Image-caption web data:

#####

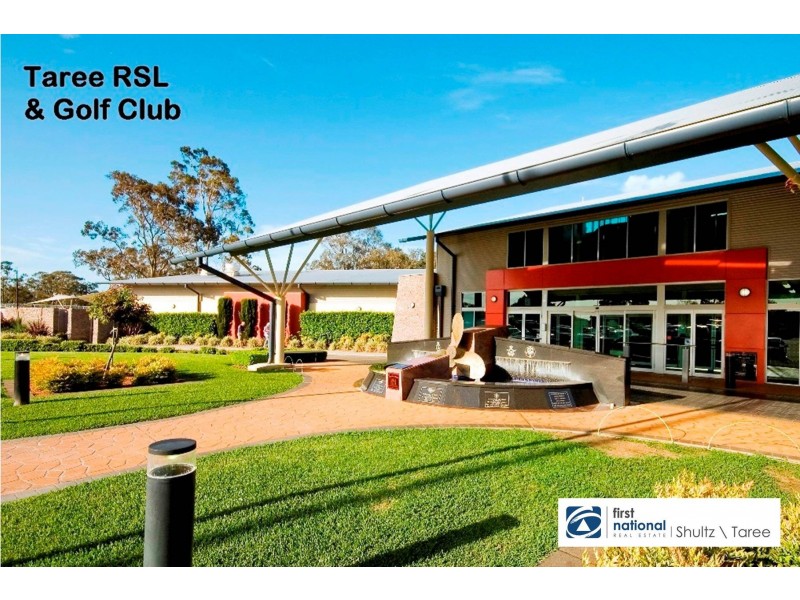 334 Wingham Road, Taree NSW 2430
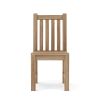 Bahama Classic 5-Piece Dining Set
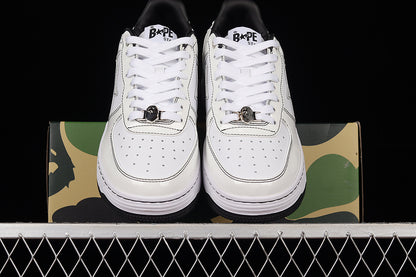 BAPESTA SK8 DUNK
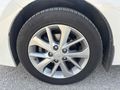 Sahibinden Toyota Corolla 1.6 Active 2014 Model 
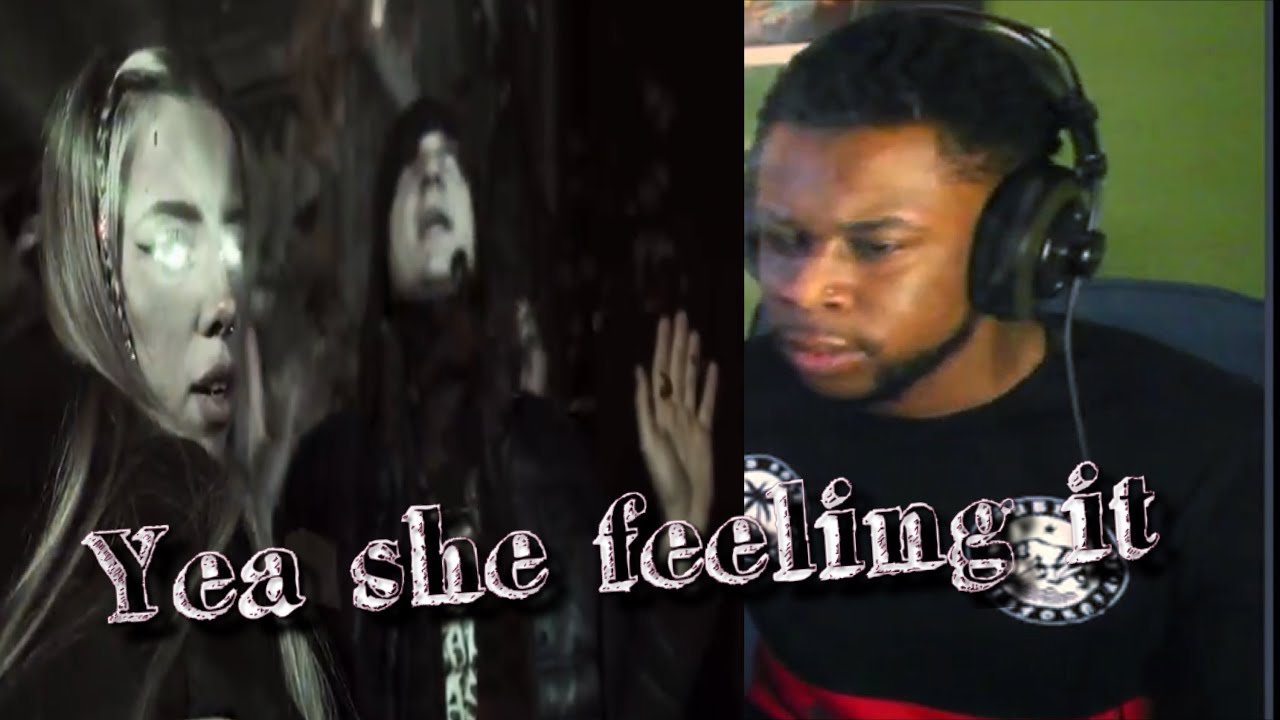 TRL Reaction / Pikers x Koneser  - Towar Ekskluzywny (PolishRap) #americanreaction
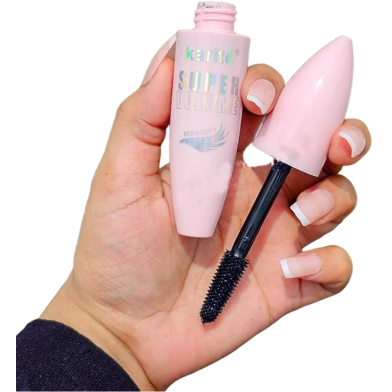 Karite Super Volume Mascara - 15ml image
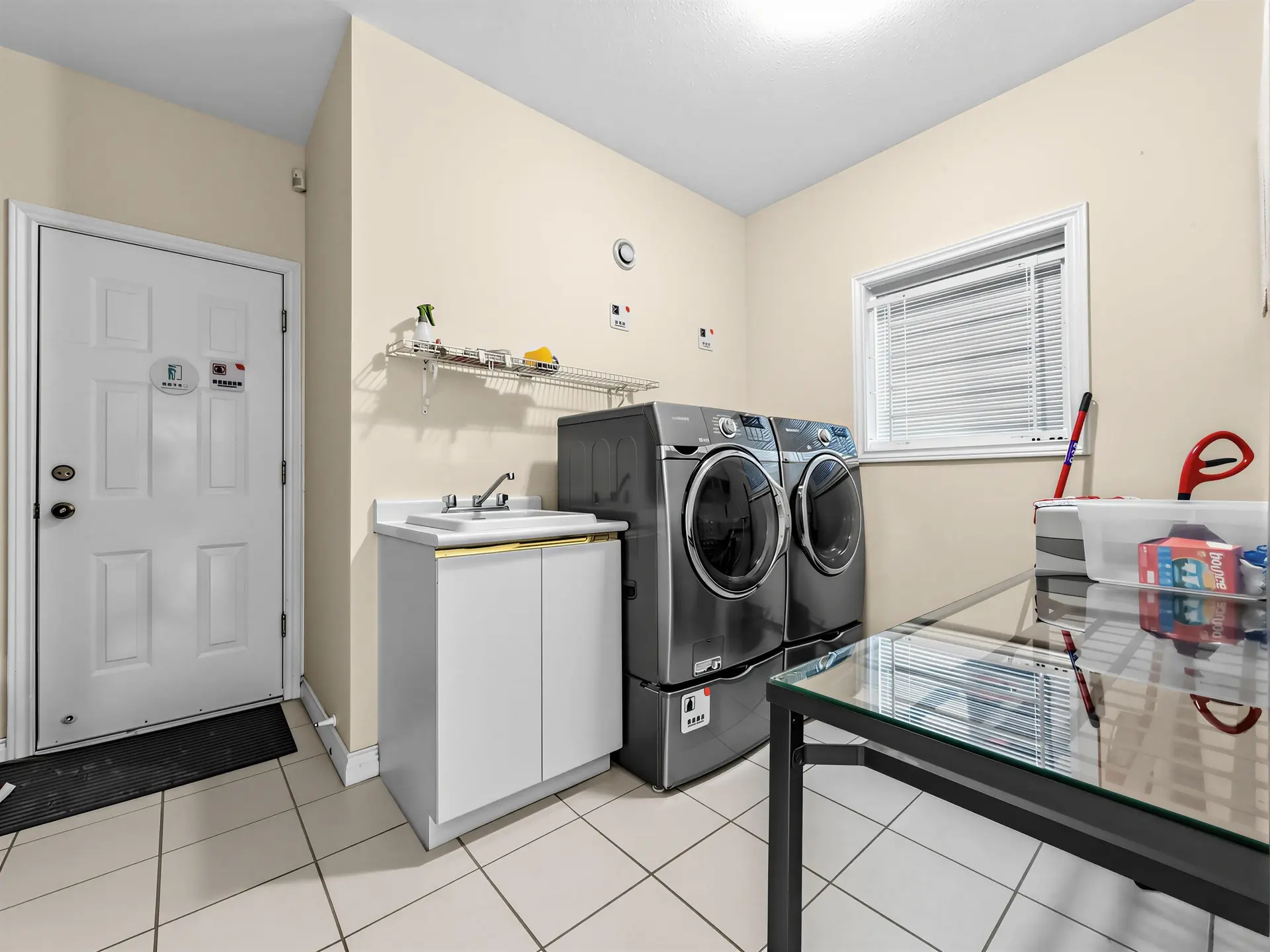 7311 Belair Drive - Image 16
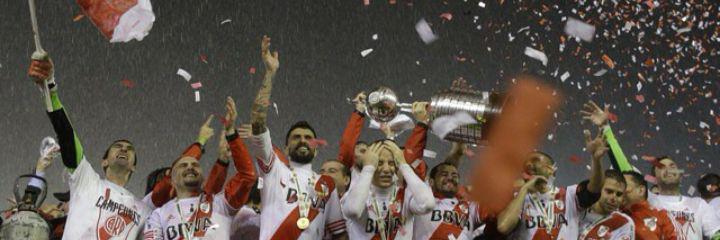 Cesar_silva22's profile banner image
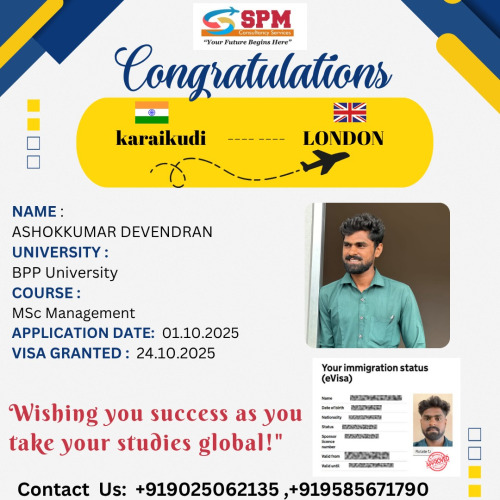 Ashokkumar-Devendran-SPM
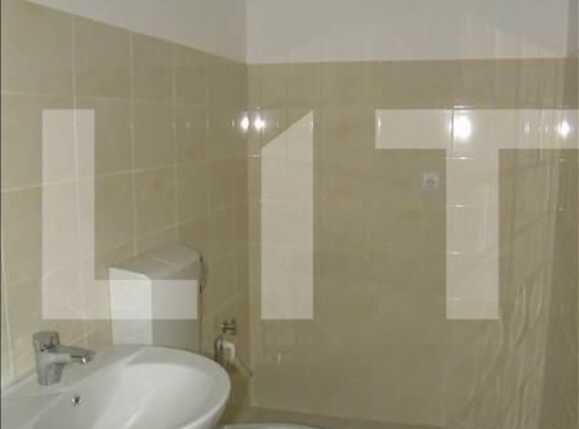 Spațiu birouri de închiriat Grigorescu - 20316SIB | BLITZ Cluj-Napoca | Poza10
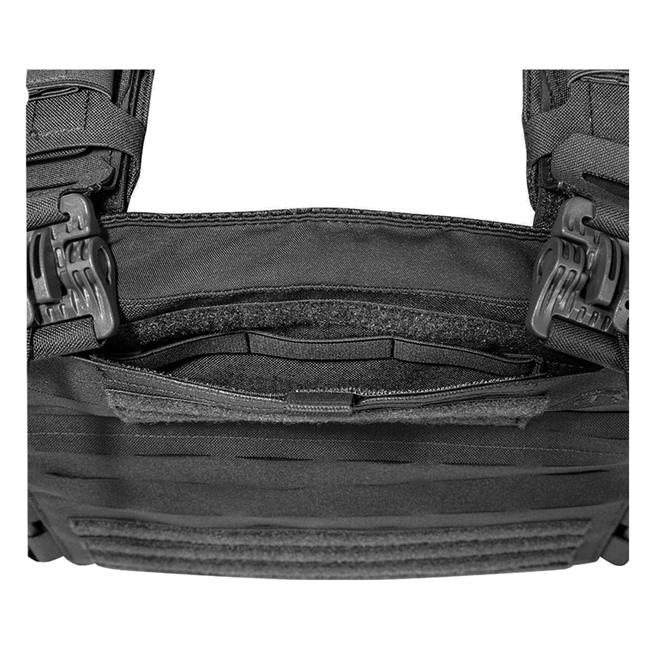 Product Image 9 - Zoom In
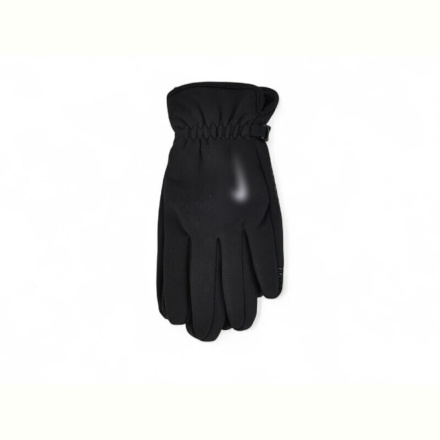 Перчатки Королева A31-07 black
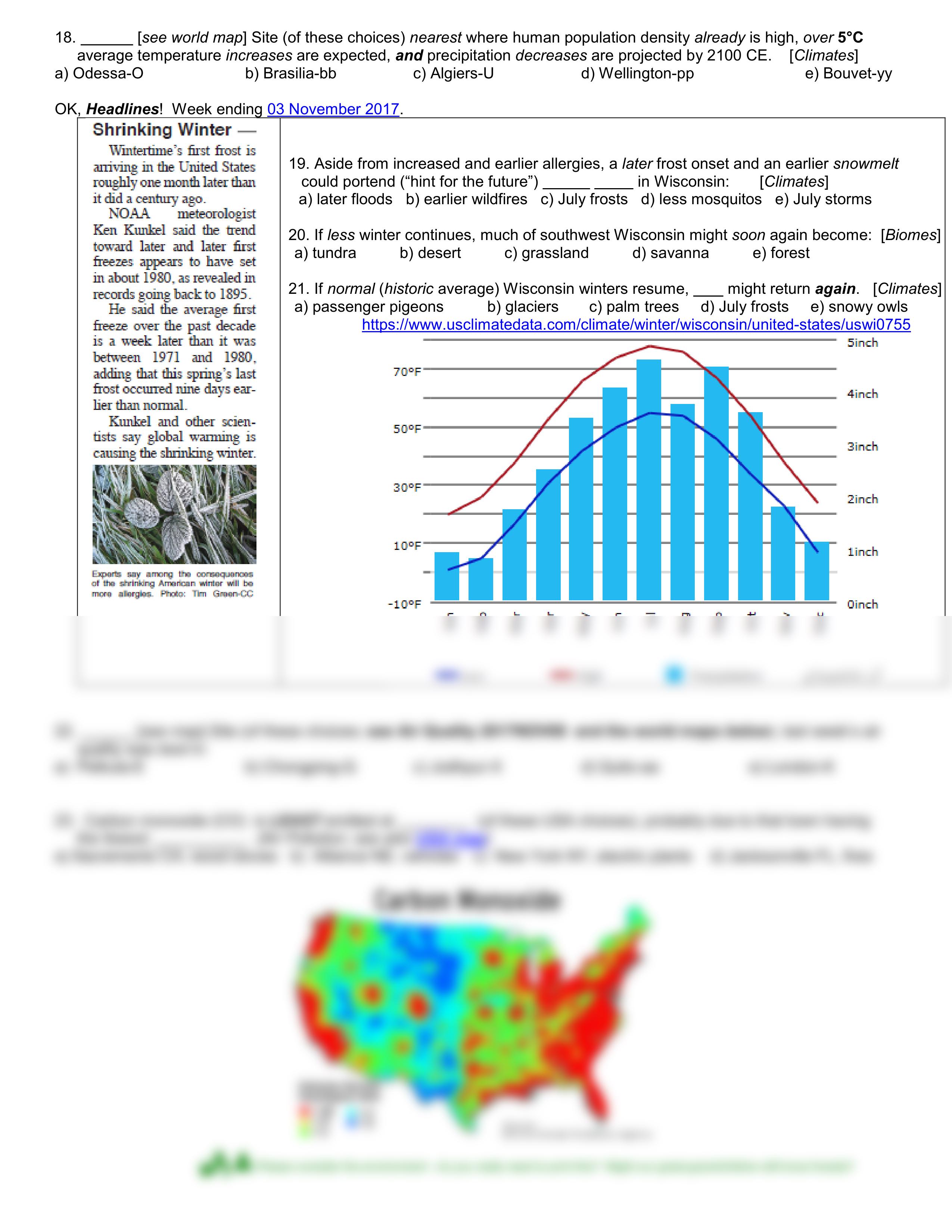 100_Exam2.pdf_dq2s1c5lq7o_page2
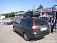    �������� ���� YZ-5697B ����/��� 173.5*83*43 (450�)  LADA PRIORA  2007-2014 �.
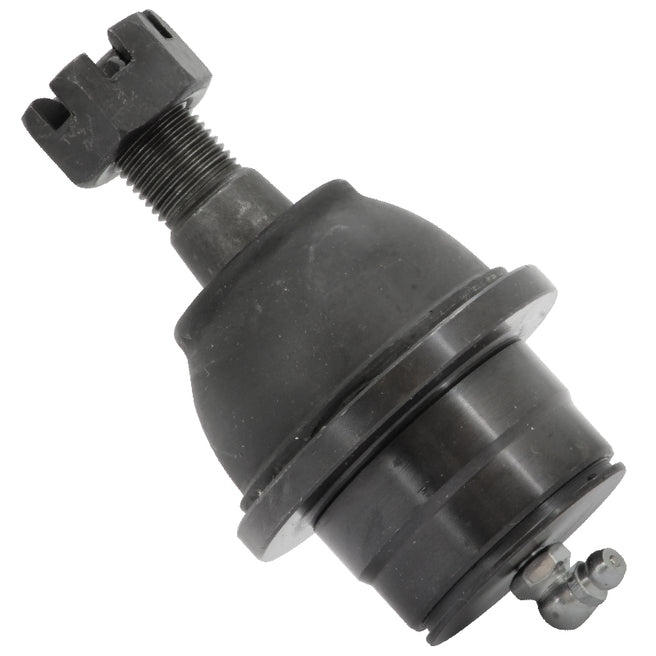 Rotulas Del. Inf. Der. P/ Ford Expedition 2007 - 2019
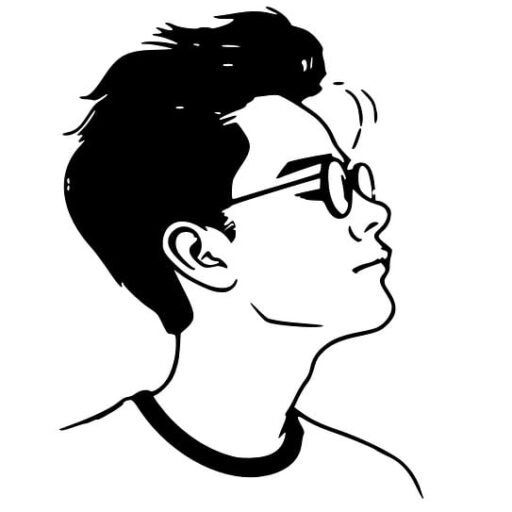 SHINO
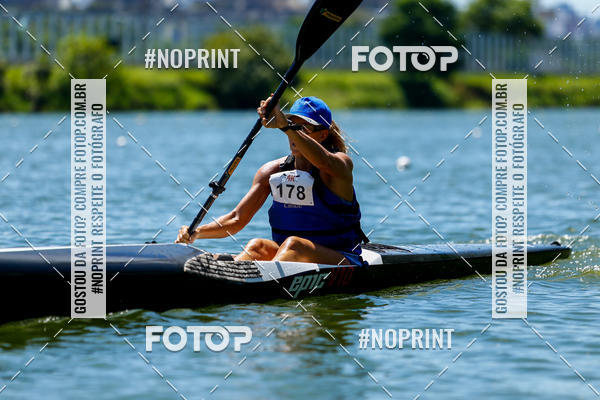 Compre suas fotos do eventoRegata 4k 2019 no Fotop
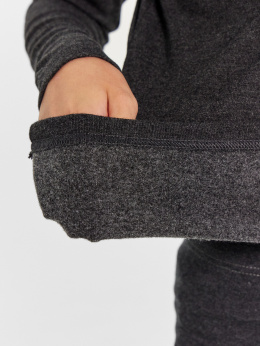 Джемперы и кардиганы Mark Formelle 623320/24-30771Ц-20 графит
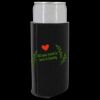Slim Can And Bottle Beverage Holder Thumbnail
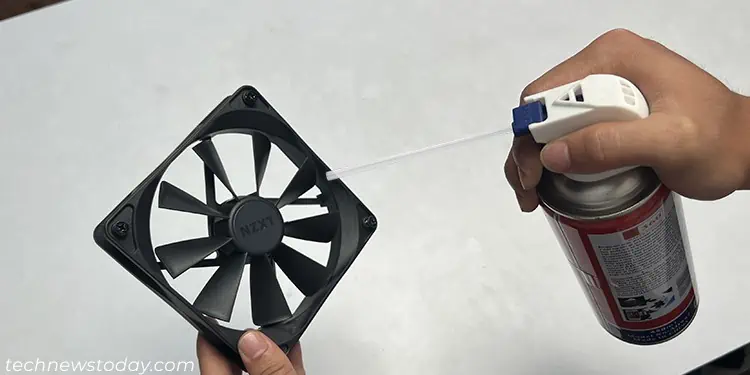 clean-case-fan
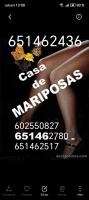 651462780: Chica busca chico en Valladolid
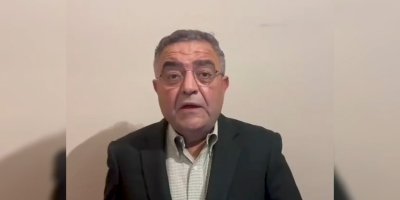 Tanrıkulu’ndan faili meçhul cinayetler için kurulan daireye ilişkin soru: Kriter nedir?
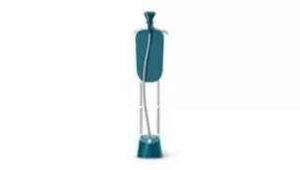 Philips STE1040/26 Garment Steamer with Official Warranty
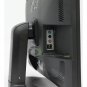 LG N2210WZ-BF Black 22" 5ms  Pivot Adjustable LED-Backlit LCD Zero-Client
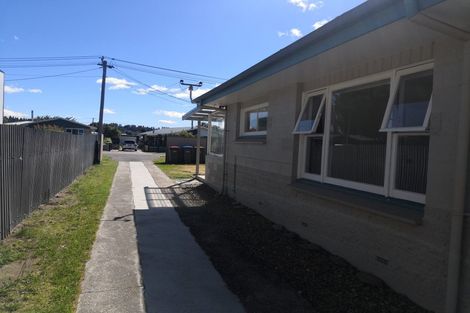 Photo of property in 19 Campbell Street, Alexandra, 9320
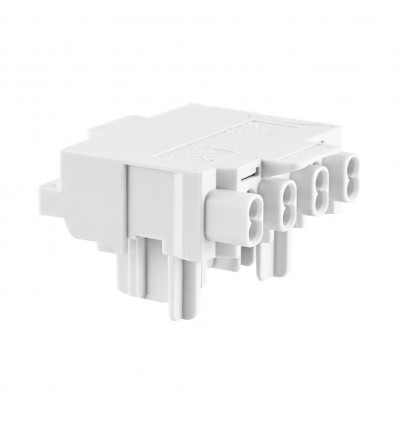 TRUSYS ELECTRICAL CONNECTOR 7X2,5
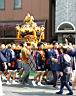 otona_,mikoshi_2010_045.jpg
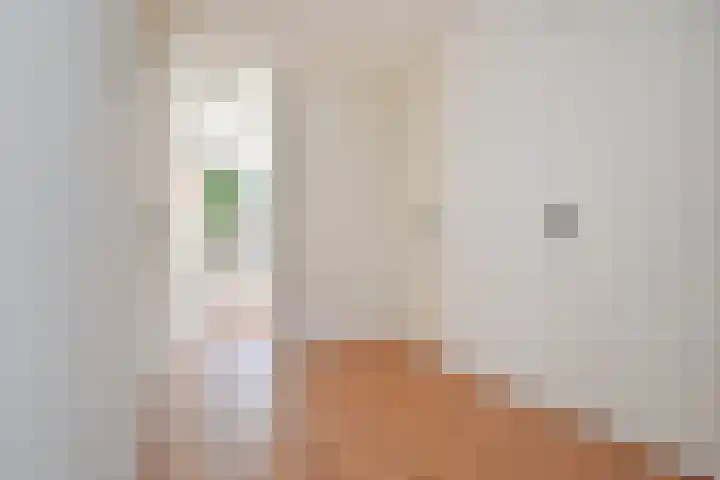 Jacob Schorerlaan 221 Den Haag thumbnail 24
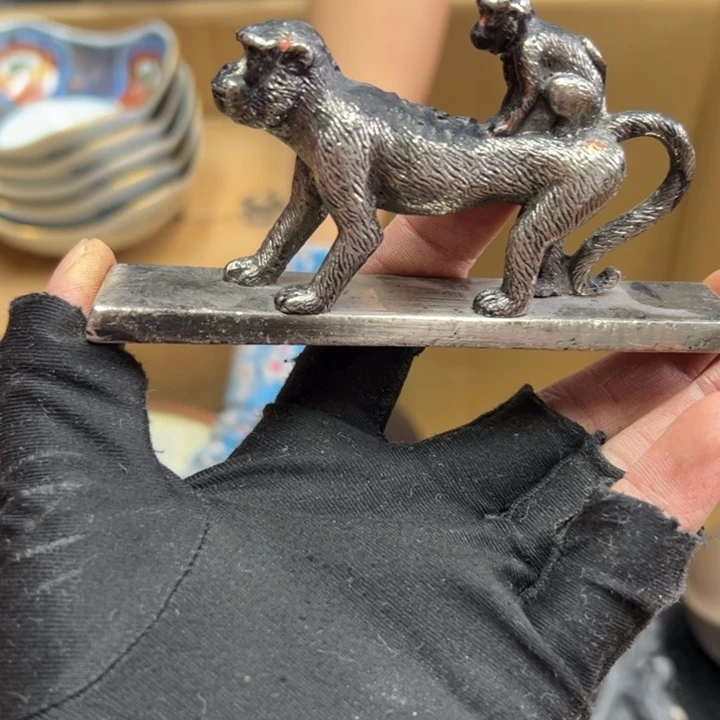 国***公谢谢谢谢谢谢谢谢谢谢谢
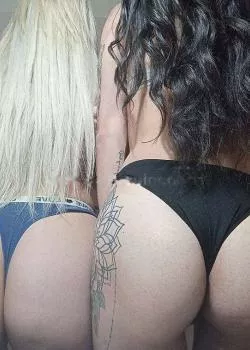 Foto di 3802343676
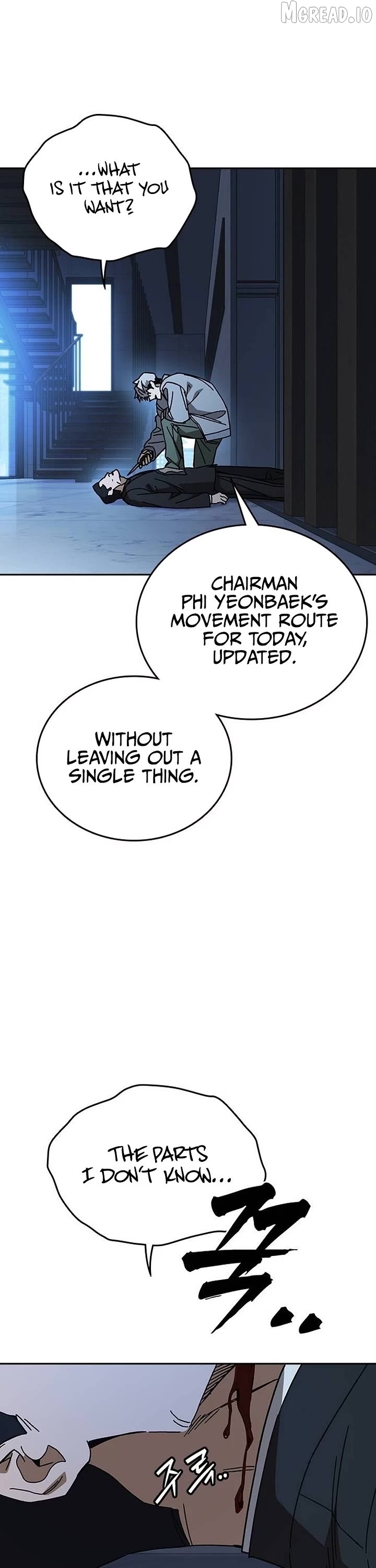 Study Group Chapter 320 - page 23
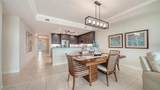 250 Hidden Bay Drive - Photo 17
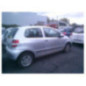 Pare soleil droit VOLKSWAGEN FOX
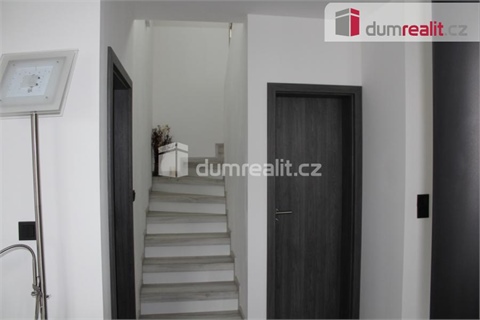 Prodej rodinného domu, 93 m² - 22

#####

▶ _Your objective_
Once the pictures are removed, write out all of the entries above exactly.

▶ _Answer box_
 334 Wingham Road, Taree NSW 2430
 Bahama Classic 5-Piece Dining Set
 BAPESTA SK8 DUNK
 Sahibinden Toyota Corolla 1.6 Active 2014 Model 
 TRL Reaction / Pikers x Koneser  - Towar Ekskluzywny (PolishRap) #americanreaction
 Karite Super Volume Mascara - 15ml image
 7311 Belair Drive - Image 16
 Cesar_silva22's profile banner image
 Ashokkumar-Devendran-SPM
 Spațiu birouri de închiriat Grigorescu - 20316SIB | BLITZ Cluj-Napoca | Poza10
 Product Image 9 - Zoom In
 Перчатки Королева A31-07 black
 100_Exam2.pdf_dq2s1c5lq7o_page2
    �������� ���� YZ-5697B ����/��� 173.5*83*43 (450�)  LADA PRIORA  2007-2014 �.
 Rotulas Del. Inf. Der. P/ Ford Expedition 2007 - 2019
 SHINO
 Compre suas fotos do eventoRegata 4k 2019 no Fotop
 Джемперы и кардиганы Mark Formelle 623320/24-30771Ц-20 графит
Slim Can And Bottle Beverage Holder Thumbnail
 clean-case-fan
 651462780: Chica busca chico en Valladolid
 Tanrıkulu’ndan faili meçhul cinayetler için kurulan daireye ilişkin soru: Kriter nedir?
 Philips STE1040/26 Garment Steamer with Official Warranty
 LG N2210WZ-BF Black 22" 5ms  Pivot Adjustable LED-Backlit LCD Zero-Client
 Photo of property in 19 Campbell Street, Alexandra, 9320
 TRUSYS ELECTRICAL CONNECTOR 7X2,5
 otona_,mikoshi_2010_045.jpg
 Jacob Schorerlaan 221 Den Haag thumbnail 24
 国***公谢谢谢谢谢谢谢谢谢谢谢
 Foto di 3802343676
 Study Group Chapter 320 - page 23
 250 Hidden Bay Drive - Photo 17
 Pare soleil droit VOLKSWAGEN FOX
 Prodej rodinného domu, 93 m² - 22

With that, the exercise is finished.